Universal comprehension, full consciousness, and perfect timelessness are an ideal condition, ideal even for gifted men; genius is an innate imperative, which never becomes a fully accomplished fact in human beings. Hence it is that a man of genius will be the last man to feel himself in the position to say of himself: "I am a genius." Genius is, in its essence, nothing but the full completion of the idea of a man, and, therefore, every man ought to have some quality of it, and it should be regarded as a possible principle for every one.

Genius is the highest morality, and, therefore, it is every one's duty. Genius is to be attained by a supreme act of the will, in which the whole universe is affirmed in the individual. Genius is something which "men of genius" take upon themselves; it is the greatest exertion and the greatest pride, the greatest misery and the greatest ecstasy to a man. A man may become a genius if he wishes to.

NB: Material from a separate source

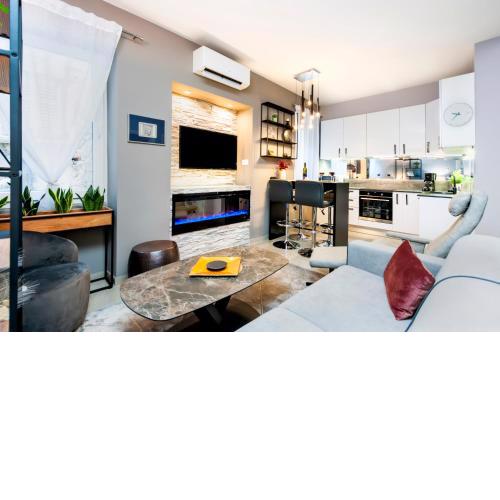 BELLA CAMPAGNA - Luxury Two Bedroom Apartment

But at once it will certainly be said: "Very many men would like very much to be 'original geniuses'" and their wish has no effect. But if these men who "would like very much" had a livelier sense of what is signified by their wish, if they were aware that genius is identical with universal responsibility—and until that is grasped it will only be a wish and not a determination—it is highly probable that a very large number of these men would cease to wish to become geniuses.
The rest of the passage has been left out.